In May 2016, the CFPB published its proposed rule. Following a public comment period and review of over 110,000 comments received, the CFPB issued the final rule, which is largely unchanged from the proposed draft.
The final rule imposes two sets of requirements relating to the use of pre-dispute arbitration agreements by providers of certain consumer financial products and services in the core consumer financial markets of lending money, storing money and moving or exchanging money. First, the final rule prohibits covered financial service providers from using an arbitration agreement to block consumer class actions relating to covered products or services. Specifically, the final rule requires that covered financial service providers insert language into their arbitration provisions that explicitly notes that the financial service provider will not rely on the agreement to prevent the consumer from filing or being part of a class action lawsuit. The final rule also permits providers to include alternative language if the consumer agreement applies to multiple products or services and only some of those products or services are covered by the final rule. Second, the final rule requires that, in connection with any claim filed in arbitration by or against the provider concerning any of the covered financial products or services, a provider shall submit certain related documents to the CFPB.

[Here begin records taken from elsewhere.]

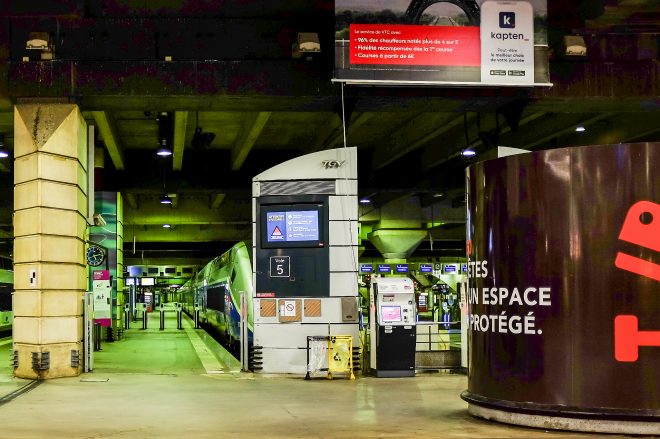 Montparnasse - quai n°5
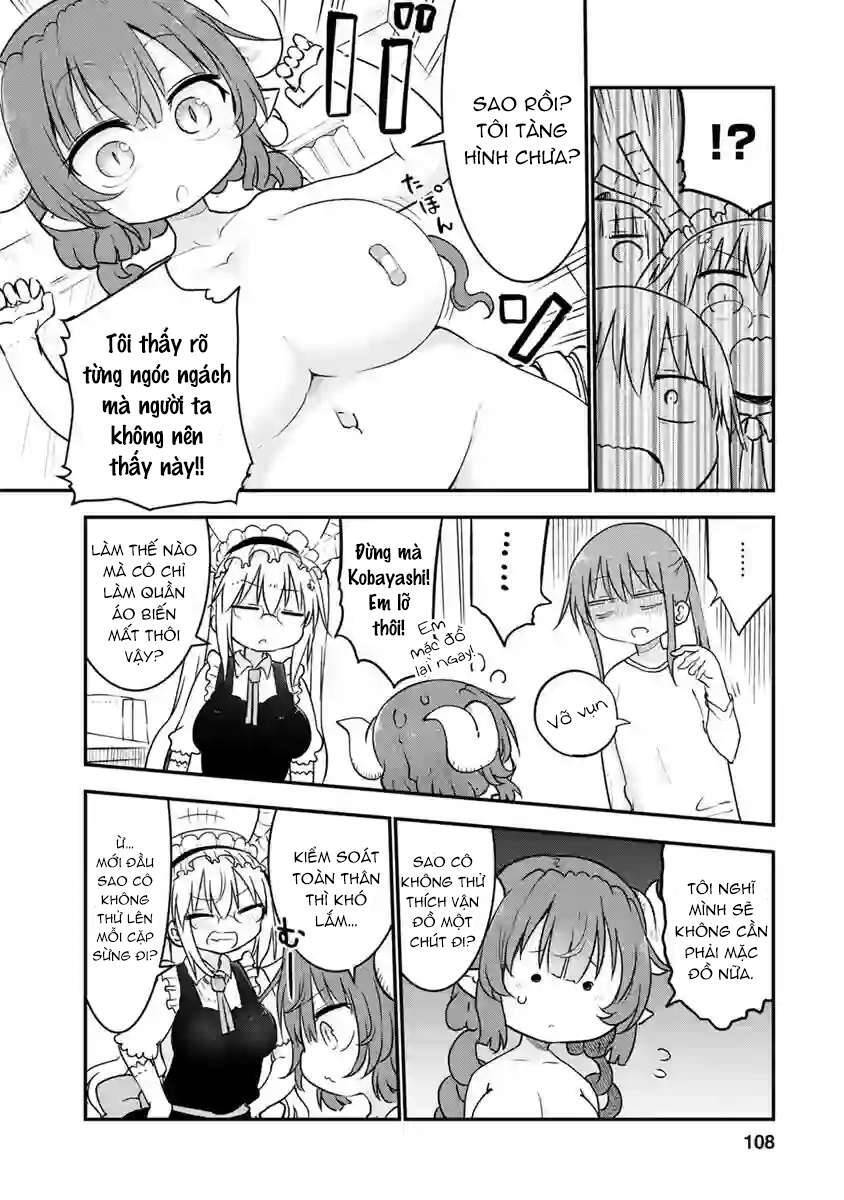 Kobayashi-San Chi No Maid Dragon Chapter 56 - Trang 2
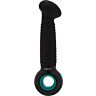 Vibrador Punto G Odeco PAN BLACK com ondas ergonómicas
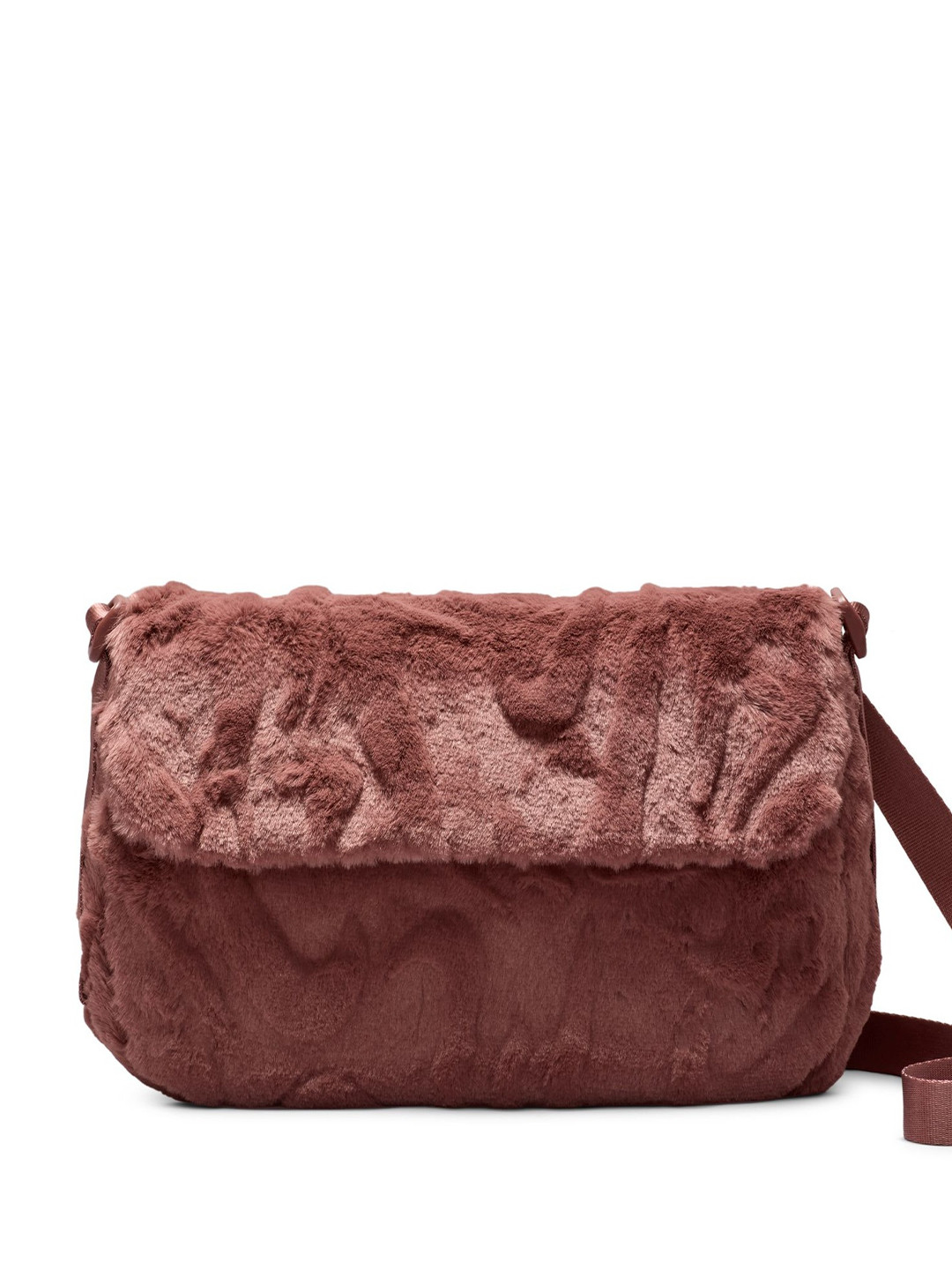 Nike Sportswear Futura 365 Faux Fur Cross-Body Bag (1L)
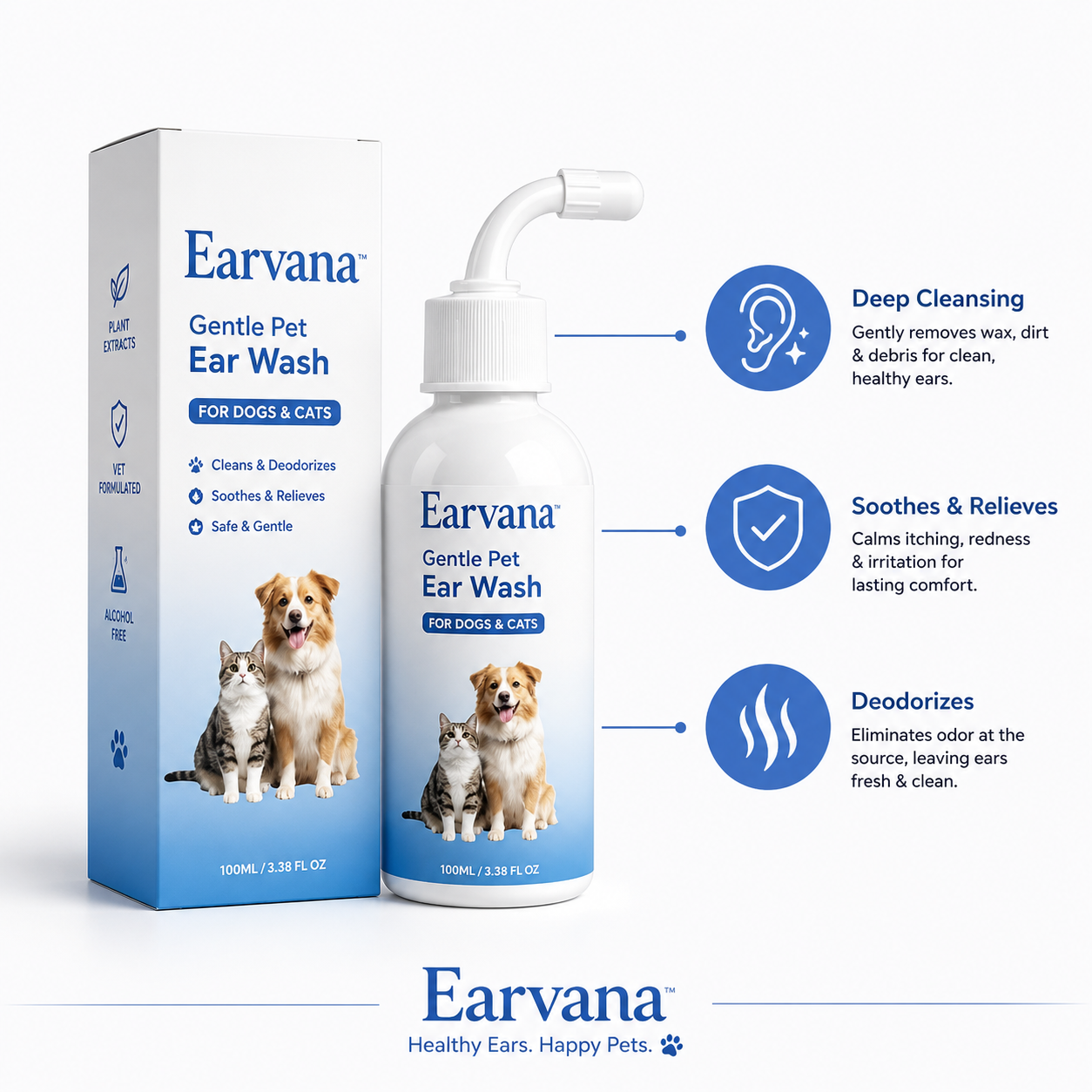 Earvana™ Pet Ear Care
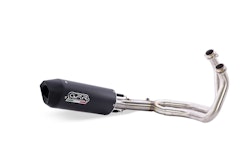 GPR Komplettauspuffanlage Kawasaki Ninja 650 2021/2022 e5 FURORE NERO FS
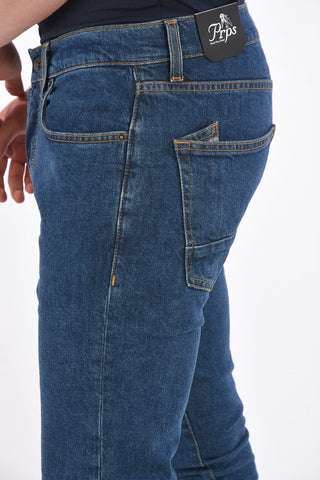 jeans skinny fit WINDSOR CROP in denim stretch 15cm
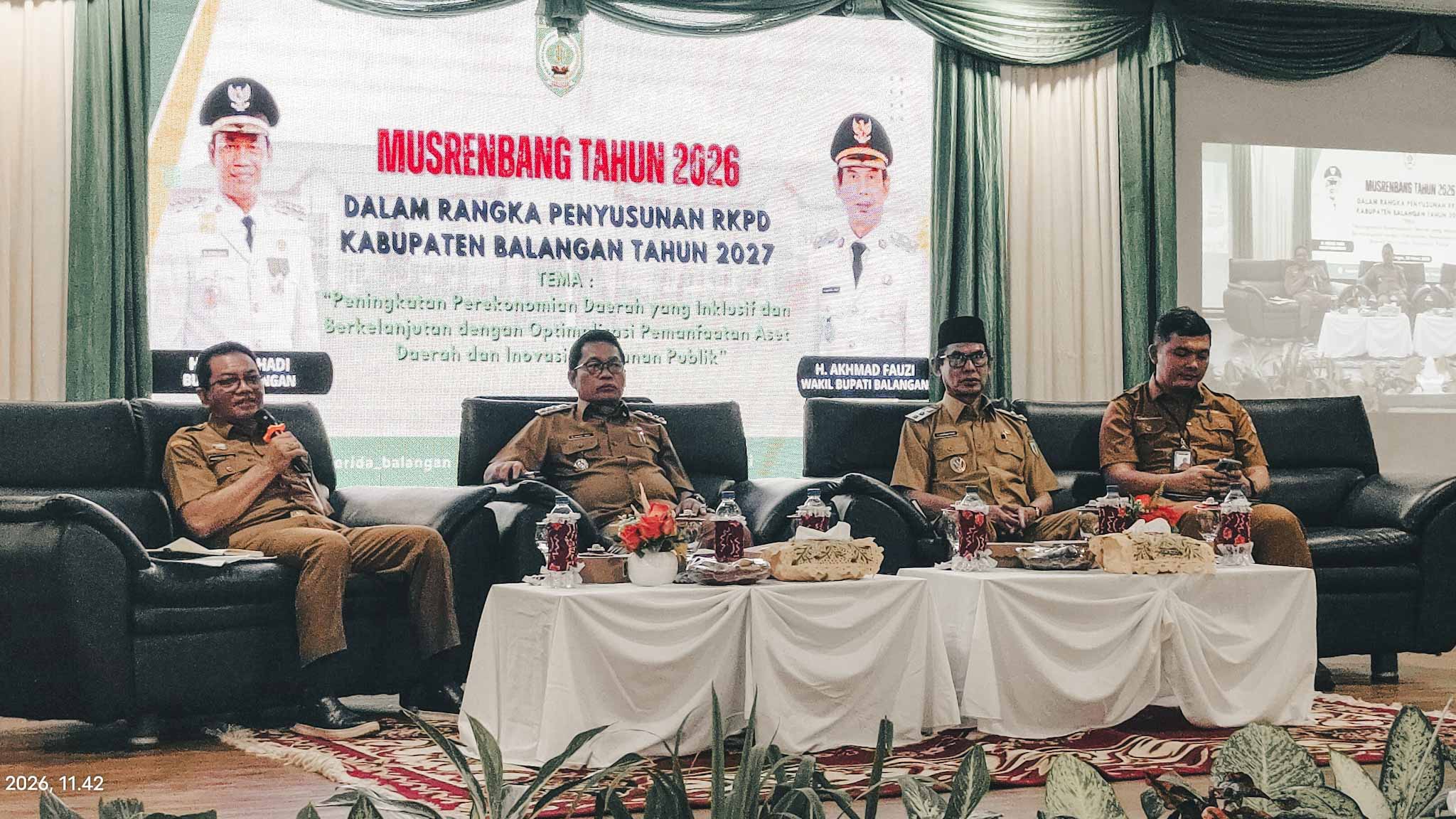 Dorong Pembangunan Inklusif, Bawaslu Balangan Dukung Inovasi Pelayanan Publik di RKPD 2027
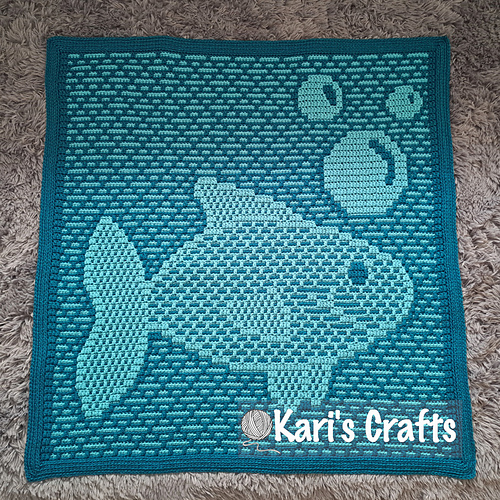 Friendly Little Fish Mosaic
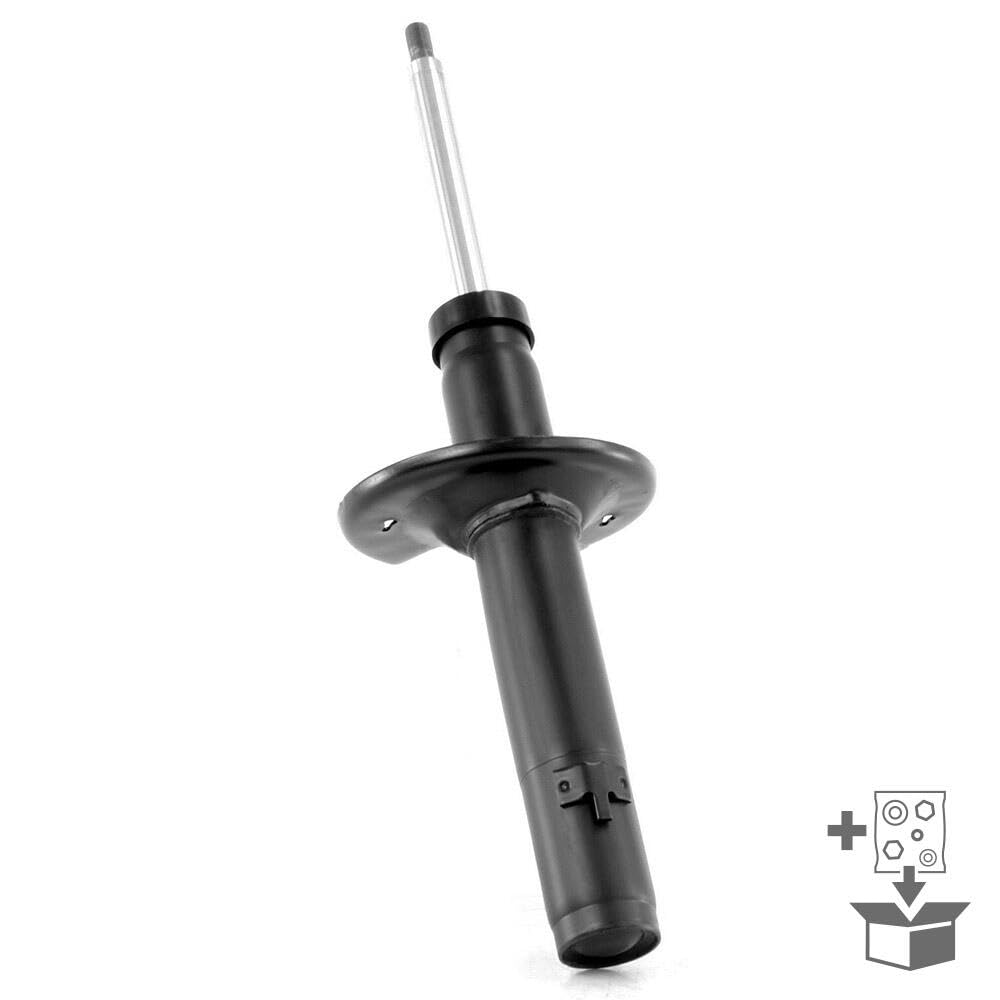 MONROE 2x Amortisseur Jambe de suspension Pression d'huile Essieu avant Compatible avec CITROËN C15 Van VD R11522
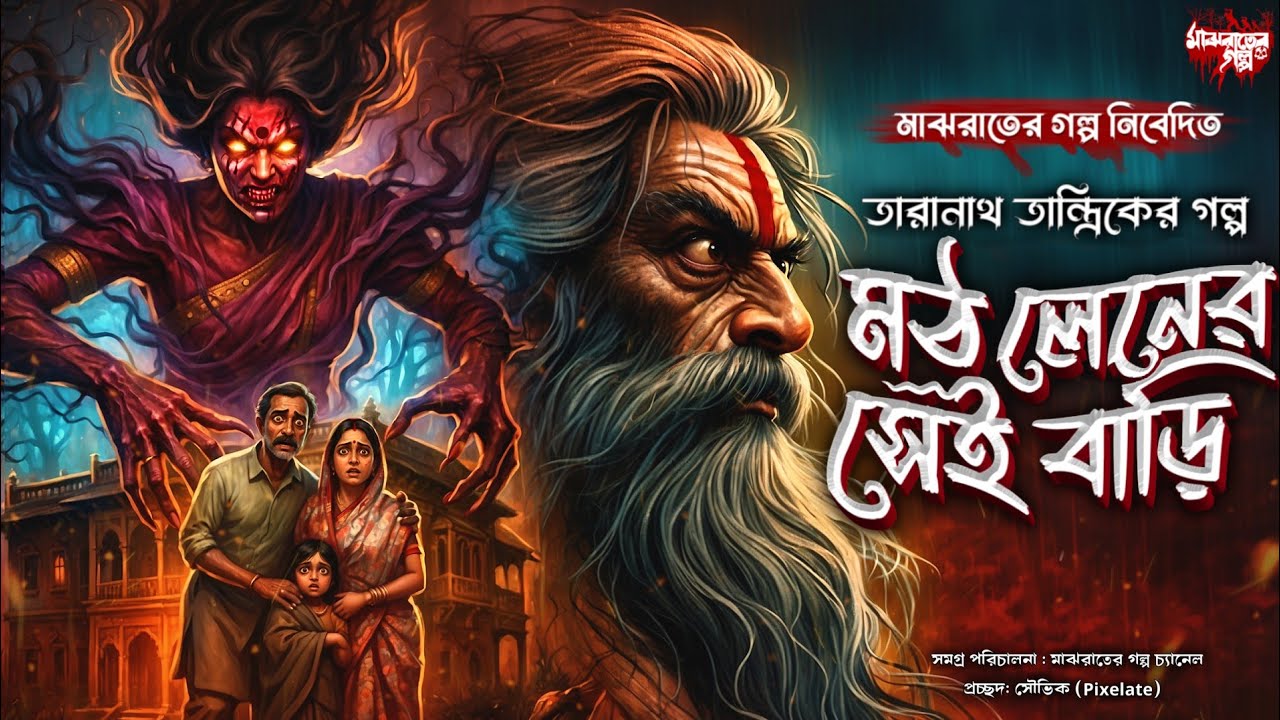 তারানাথ তান্ত্রিক ও  মঠ লেনের সেই বাড়ি । Taranath Tantrik । Taranath Tantrik Sunday suspense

The final rule becomes effective 60 days after it is published in the Federal Register, which is expected to occur in the next two weeks. The compliance date is 180 days after the rule becomes effective. So, covered providers have 240 days after publication in the Federal Register to make their consumer agreements compliant. After the compliance date, the rule will apply to new contracts, contracts that are transferred between providers and new financial products or services added to a pre-existing contract.
Anticipated Challenges to the Final Rule
The final rule will face challenges on a variety of fronts. It could be invalidated through legislation eliminating the CFPB’s authority to issue the rule.
Congress could also overturn the final rule through a resolution of disapproval under the Congressional Review Act. The CRA allows Congress with a majority vote to override an agency’s recently issued rule within 60 legislative days of being finalized. This process is not subject to the requirement that 60 votes be obtained in the Senate—a majority in both houses is all that is required, along with presidential approval. If the final rule is overturned, the CFPB would be barred from reinstating any similar rule in the future without consent of Congress. Senator Tom Cotton of Arkansas, among others, has announced that he has started the process to rescind the rule using the CRA process.
Finally, a lawsuit could be filed challenging the rule’s validity based on the CFPB’s failure to comply with Section 1028 of the Dodd-Frank Act and/or the Administrative Procedure Act. The U.S. Chamber of Commerce has indicated it is considering filing a lawsuit on this basis.
In sum, while the final rule represents a significant win for the plaintiffs’ bar, it is probable the win will be temporary as the final rule is unlikely to withstand the various legal challenges it will face in coming months. Fortunately, the eight-month compliance period allows covered companies to wait and see how the challenges to the final rule, particularly under the CRA, play out before they are required to take steps to comply.